*EXERCISE PROMPT*
An exact copy is needed of the lines in the entries below from the line with "A VICTORIAN MAHOGANY" up to and including the line with "overhead view of", and of nothing else. Leave the pictures out.
Start of DATA FOR PROCESSING
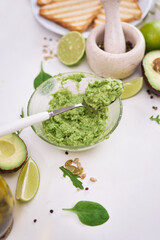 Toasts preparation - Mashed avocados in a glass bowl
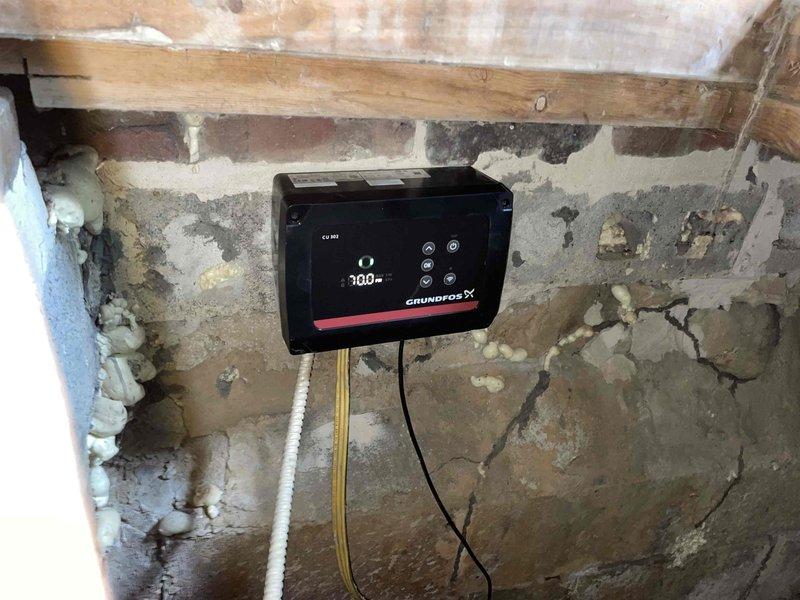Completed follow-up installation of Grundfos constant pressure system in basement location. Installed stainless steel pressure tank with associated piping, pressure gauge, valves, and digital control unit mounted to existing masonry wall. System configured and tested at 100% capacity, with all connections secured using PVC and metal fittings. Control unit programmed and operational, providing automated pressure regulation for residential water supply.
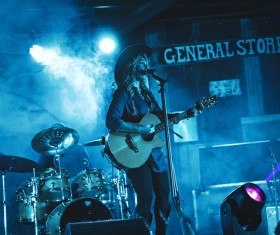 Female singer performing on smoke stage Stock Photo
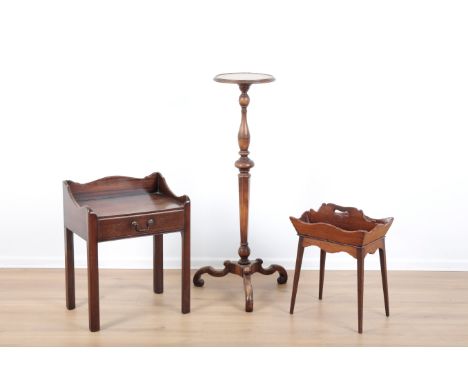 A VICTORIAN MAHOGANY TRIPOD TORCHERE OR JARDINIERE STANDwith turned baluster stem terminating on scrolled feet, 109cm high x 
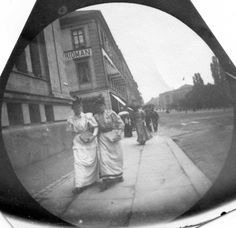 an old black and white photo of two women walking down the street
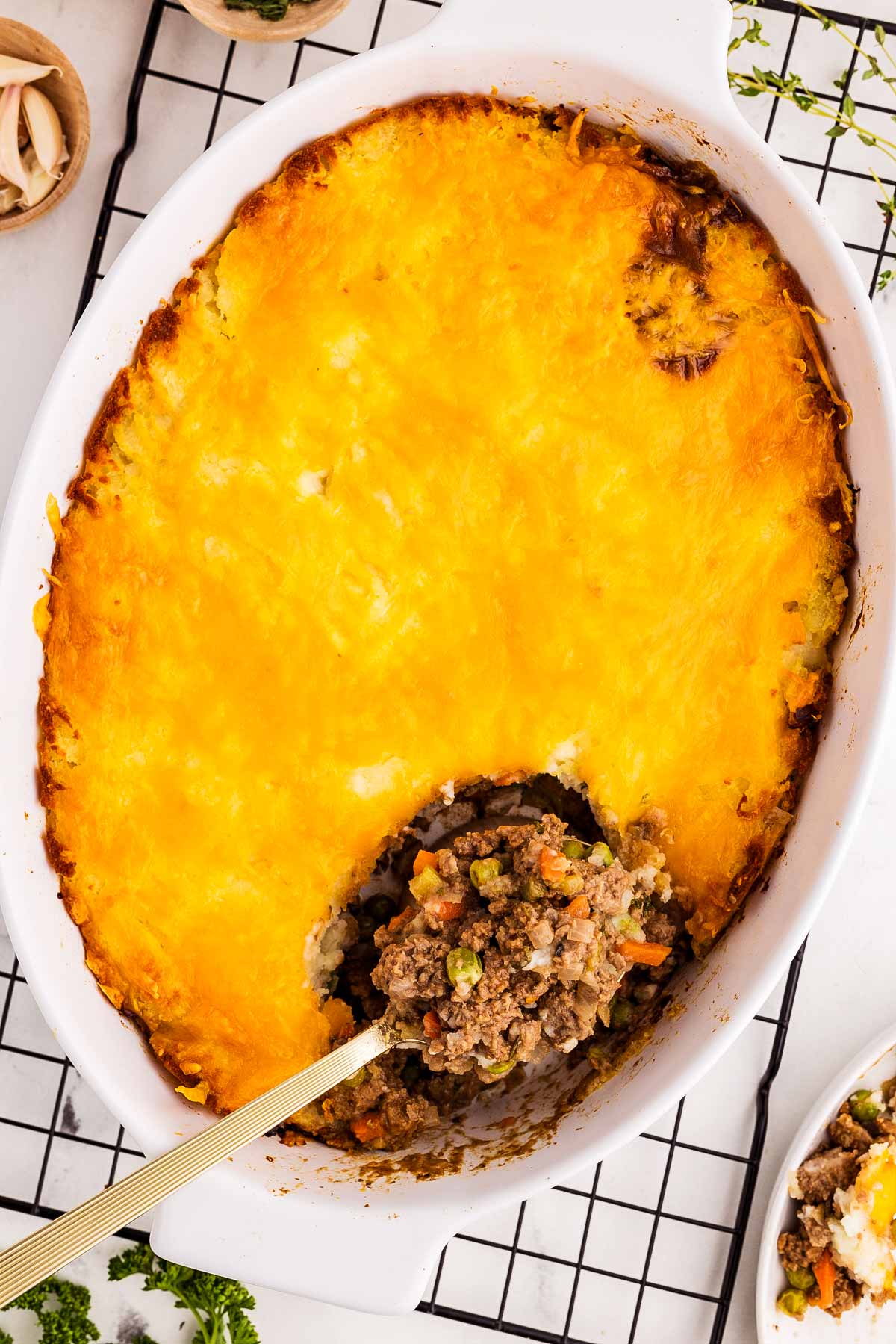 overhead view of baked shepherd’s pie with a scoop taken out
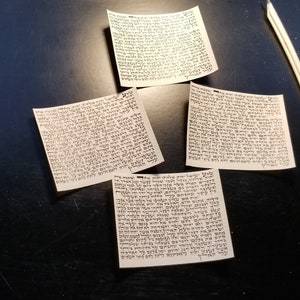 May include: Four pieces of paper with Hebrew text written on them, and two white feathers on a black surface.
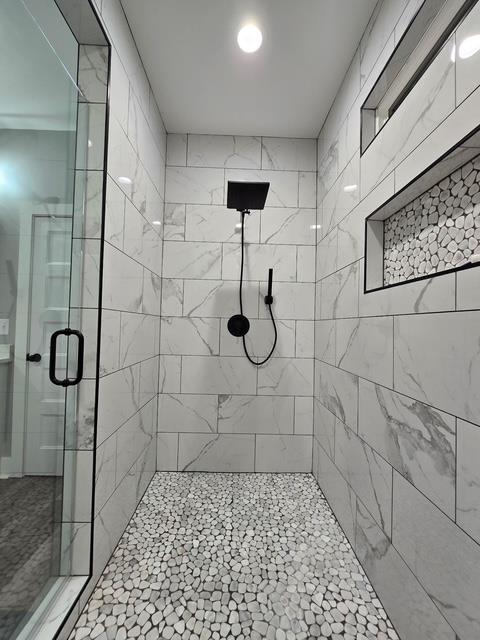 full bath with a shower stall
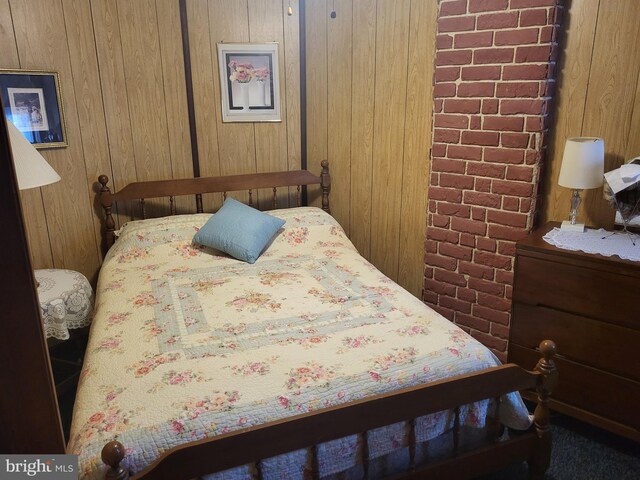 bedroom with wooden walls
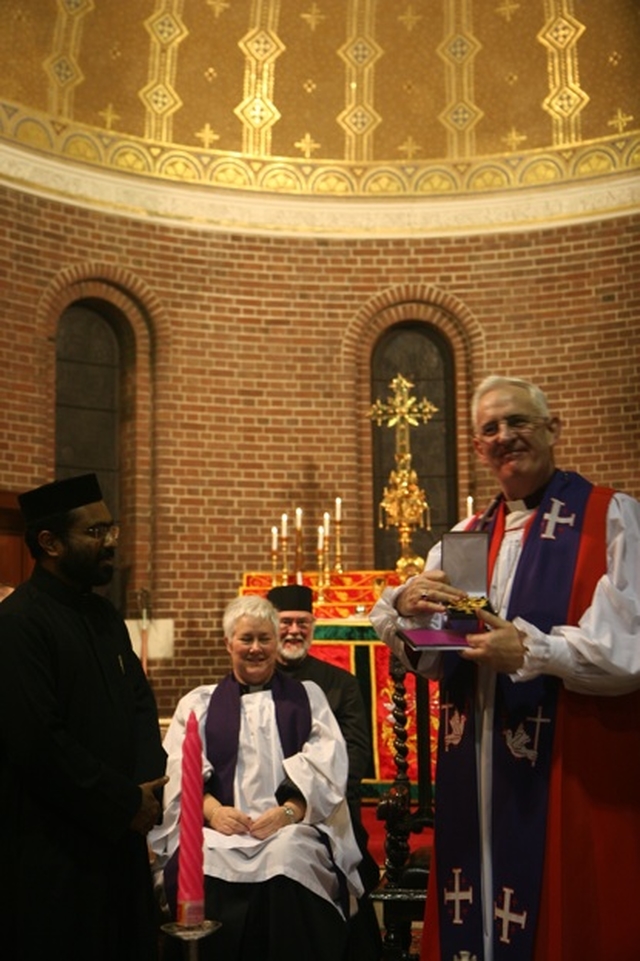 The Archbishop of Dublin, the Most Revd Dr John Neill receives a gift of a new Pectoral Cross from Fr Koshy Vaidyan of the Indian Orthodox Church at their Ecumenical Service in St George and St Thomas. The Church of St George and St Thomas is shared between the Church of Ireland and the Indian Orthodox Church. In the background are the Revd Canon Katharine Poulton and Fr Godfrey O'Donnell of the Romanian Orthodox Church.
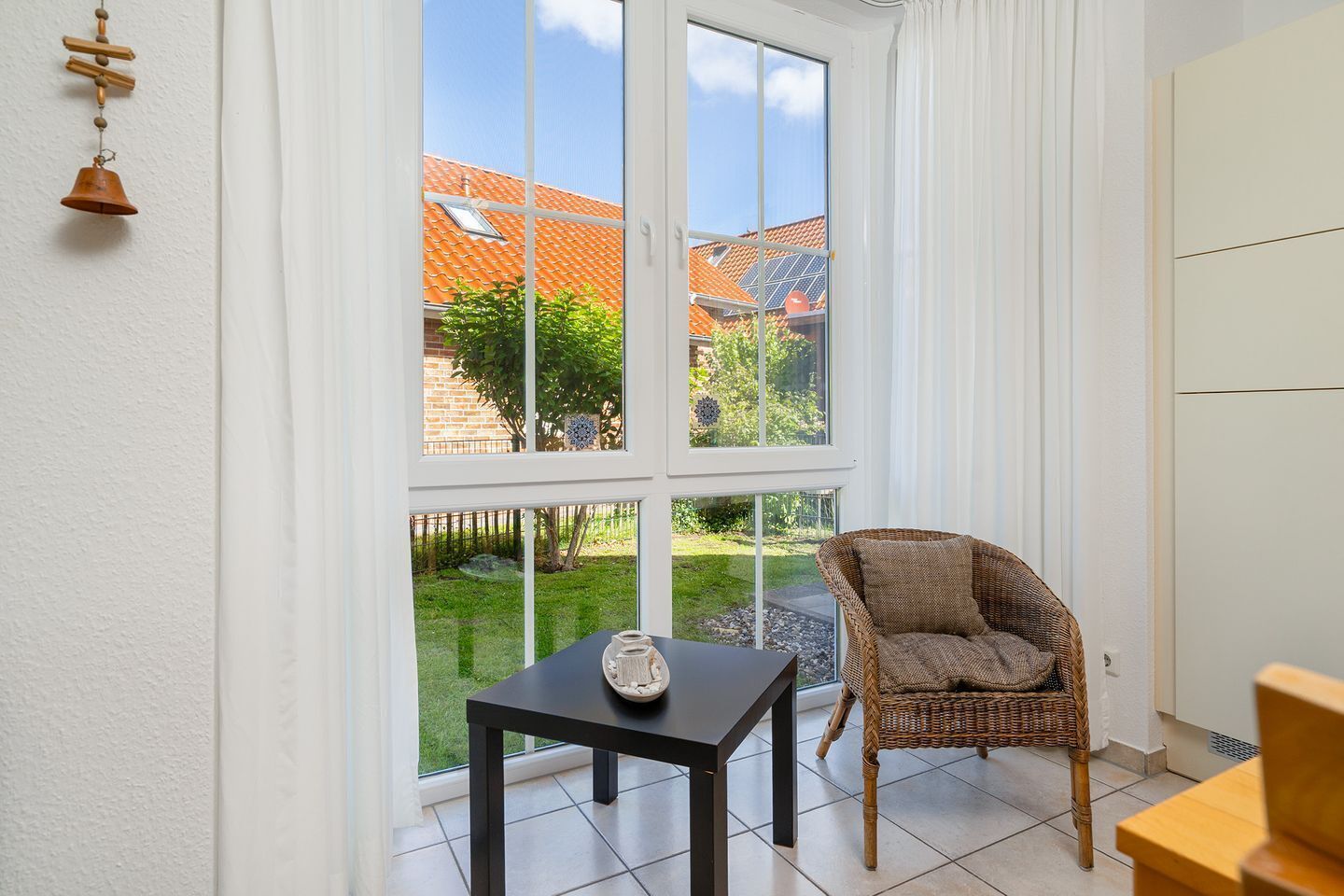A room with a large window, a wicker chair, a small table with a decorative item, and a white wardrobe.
End of DATA FOR PROCESSING
*YOUR RESPONSE*
 A VICTORIAN MAHOGANY TRIPOD TORCHERE OR JARDINIERE STANDwith turned baluster stem terminating on scrolled feet, 109cm high x 
 an old black and white photo of two women walking down the street
 overhead view of baked shepherd’s pie with a scoop taken out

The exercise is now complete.